AnnouncementIntroducing import from object storage for more efficient data transfer to Pinecone serverlessLearn more

Gen AI Can Deliver Trillions - Are You Ready to Capture it?

If you’re under pressure to start a Generative AI product strategy for your company, you are not alone. A recent survey of 400 senior AI professionals at organizations with annual revenue above $3 billion shows that more than 60% of them are likely to adopt Generative AI in the next 12 months, while 45% of the respondents have already started their Generative AI experiment.

At Pinecone, we’re seeing an explosion of interest from engineering leaders at large enterprises. They come to us with similar questions: We have an ambitious AI plan; where should we get started, and how can we get it right?

This enthusiasm and sense of urgency come from the significant business impact Generative AI could bring. Mckinsey estimates that Generative AI has the potential to contribute approximately $2.6 trillion to $4.4 trillion yearly across 63 different use cases. In the banking sector alone, its full implementation across use cases could generate an extra $200 billion to $340 billion annually.
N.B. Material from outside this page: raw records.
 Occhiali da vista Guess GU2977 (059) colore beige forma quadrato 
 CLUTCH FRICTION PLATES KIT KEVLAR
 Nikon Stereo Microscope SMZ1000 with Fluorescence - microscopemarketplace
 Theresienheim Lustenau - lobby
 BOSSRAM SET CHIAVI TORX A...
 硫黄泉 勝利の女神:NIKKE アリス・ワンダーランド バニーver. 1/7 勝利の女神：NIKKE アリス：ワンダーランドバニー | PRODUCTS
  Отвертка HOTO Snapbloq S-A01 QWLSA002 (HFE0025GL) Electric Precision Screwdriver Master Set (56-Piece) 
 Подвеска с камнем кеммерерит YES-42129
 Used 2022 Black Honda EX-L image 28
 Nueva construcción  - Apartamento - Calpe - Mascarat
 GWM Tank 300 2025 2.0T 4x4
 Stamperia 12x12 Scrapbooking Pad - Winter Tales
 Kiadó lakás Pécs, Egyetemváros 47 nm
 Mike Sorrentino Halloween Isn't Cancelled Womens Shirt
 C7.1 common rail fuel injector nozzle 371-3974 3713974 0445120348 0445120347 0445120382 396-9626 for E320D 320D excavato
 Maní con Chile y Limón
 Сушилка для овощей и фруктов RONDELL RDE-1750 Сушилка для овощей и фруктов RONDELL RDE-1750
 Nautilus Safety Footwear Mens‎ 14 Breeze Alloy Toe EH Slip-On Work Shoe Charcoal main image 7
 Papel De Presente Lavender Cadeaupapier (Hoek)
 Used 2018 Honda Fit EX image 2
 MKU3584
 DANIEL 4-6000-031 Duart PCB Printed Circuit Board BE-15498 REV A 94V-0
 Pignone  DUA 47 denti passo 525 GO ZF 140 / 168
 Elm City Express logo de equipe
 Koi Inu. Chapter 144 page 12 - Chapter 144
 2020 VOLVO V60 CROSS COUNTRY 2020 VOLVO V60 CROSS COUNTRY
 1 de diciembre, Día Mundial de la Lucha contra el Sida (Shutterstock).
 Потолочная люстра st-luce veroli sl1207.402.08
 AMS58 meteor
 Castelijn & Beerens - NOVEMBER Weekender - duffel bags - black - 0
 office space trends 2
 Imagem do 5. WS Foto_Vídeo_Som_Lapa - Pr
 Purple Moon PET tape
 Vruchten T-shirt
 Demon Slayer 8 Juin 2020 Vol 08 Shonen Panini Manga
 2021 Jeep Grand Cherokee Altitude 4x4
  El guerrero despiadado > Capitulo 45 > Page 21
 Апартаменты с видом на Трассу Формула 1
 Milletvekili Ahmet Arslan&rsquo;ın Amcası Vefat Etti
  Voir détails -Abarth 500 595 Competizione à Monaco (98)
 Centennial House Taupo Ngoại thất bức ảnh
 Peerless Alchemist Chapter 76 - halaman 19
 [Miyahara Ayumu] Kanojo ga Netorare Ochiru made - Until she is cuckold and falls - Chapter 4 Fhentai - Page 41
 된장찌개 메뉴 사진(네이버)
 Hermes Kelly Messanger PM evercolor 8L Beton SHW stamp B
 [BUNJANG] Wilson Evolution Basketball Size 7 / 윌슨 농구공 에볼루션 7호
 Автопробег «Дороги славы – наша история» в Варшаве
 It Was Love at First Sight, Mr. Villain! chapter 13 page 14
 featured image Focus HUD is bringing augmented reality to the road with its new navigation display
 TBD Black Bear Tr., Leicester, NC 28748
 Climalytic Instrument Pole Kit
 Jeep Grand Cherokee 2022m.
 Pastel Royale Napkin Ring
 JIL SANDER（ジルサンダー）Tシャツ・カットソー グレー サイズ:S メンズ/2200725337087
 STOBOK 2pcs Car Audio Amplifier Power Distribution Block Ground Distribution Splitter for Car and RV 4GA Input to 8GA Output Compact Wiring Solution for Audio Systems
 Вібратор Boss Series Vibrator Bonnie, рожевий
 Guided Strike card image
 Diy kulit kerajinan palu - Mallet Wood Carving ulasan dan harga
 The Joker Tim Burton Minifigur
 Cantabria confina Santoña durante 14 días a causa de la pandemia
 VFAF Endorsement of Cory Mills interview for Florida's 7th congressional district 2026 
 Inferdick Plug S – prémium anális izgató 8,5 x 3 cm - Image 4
We are developing a series guiding you to navigate this exciting but noisy space and help your company capture the full potential of AI. Today we’ll be focused on addressing hallucination in Gen AI applications.

Retrieval Augmented Generation(RAG) stands out as a widely-adopted approach to address Gen AI hallucination. In this article, we’ll explain what AI hallucination is, the main solutions for this problem, and why RAG is the preferred approach in terms of scalability, cost-efficacy, and performance.

Hallucination - A Major Challenge in Building Generative AI Applications

The excitement around Generative has propelled the wide adoption of Large Language Models (LLMs). While LLMs like Meta’s Llama2 have made building AI applications easier than ever, they also come with many issues. And one of the most discussed concerns is AI hallucination. Hallucination is when LLMs make up answers but make them sound factual. Let’s take a look at the example below.

Let’s say a user comes to your AI Chatbot and wants to figure out how to turn off the automatic reverse braking on the Volvo XC60. Your chatbot generates the answer below:

Hallucinated Generative Chat
Hallucinated Generative Chat

It may sound plausible with accurate grammar and seemingly reasonable steps, but it’s a total hallucination. What causes AI applications to hallucinate?

Reasons for AI Hallucination

There are two main reasons for hallucination:

LLMs are trained largely from information scraped from the Internet

They don’t have access to a much larger corpus of information that is proprietary and stored in corporate data warehouses. Because they are trained largely from information scraped from the Internet, which unfortunately also encodes all kinds of dangerous misinformation, they can produce wrong and even harmful outputs. Even though the teams behind those LLMs like Claude highlight their effort in red teaming, this remains a huge problem for most, if not all, LLMs today.

LLMs suffer from knowledge cutoff

Training LLMs is time-consuming and extremely expensive. OpenAI’s Sam Altman estimated it cost around $100 million to train the foundation model behind ChatGPT. But they become quickly out-of-date with respect to any recent information. This is called knowledge cutoff, meaning that LLMs are unaware of any post-training event.

For example, ChatGPT/GPT-4 is unable to provide answers after September 2021. If the answer you're looking for requires up-to-date information, proprietary company data, or even the current weather in New York, you're likely to get a hallucination without additional and timely context.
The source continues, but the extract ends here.